**** Collected data
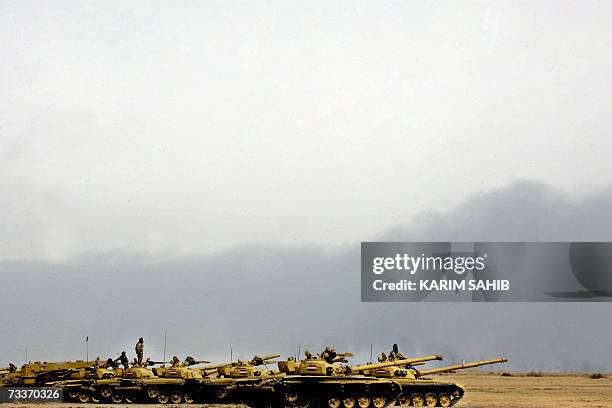 File picture dated 21 February 2006 shows Soviet model T-72 Iraqi tanks from the 9th Army Mechanized Division lining up during a training session at...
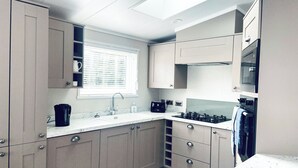 A modern kitchen with a window, built-in cabinets, a sink, and a stove.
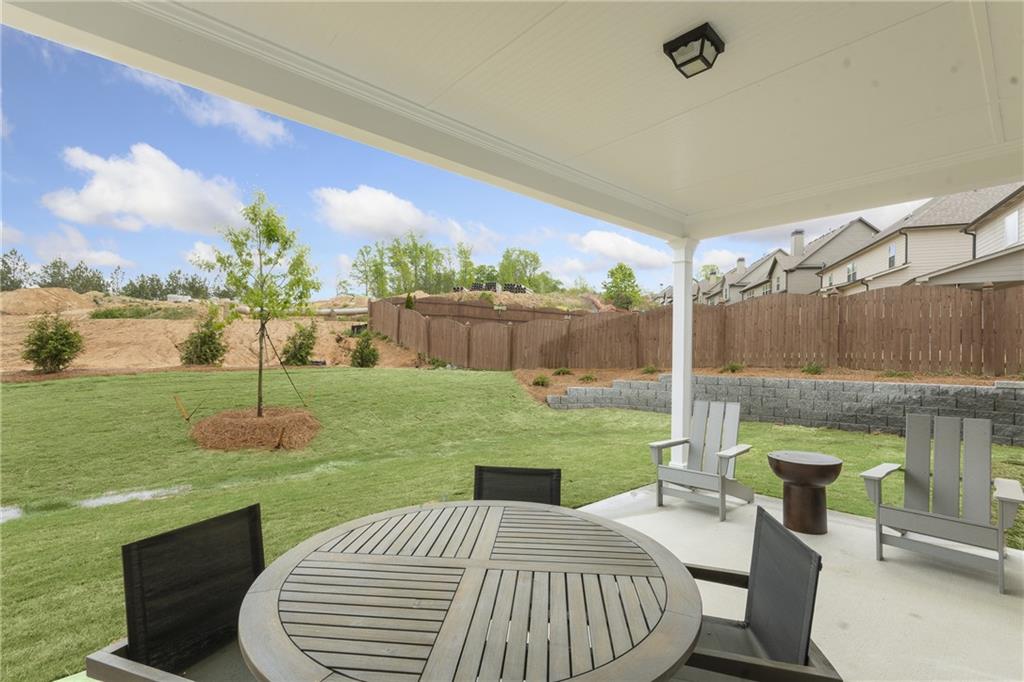 4387 Azalea Ridge Way Hoschton, GA 30548 - Photo 22 of 30 a view of a patio with a table chairs and a backyard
********
No pictures should appear in the copy. Reproduce exactly the lines from the line containing "A modern kitchen" through the last line of the data, inclusive.

§ Your response:
 A modern kitchen with a window, built-in cabinets, a sink, and a stove.
 4387 Azalea Ridge Way Hoschton, GA 30548 - Photo 22 of 30 a view of a patio with a table chairs and a backyard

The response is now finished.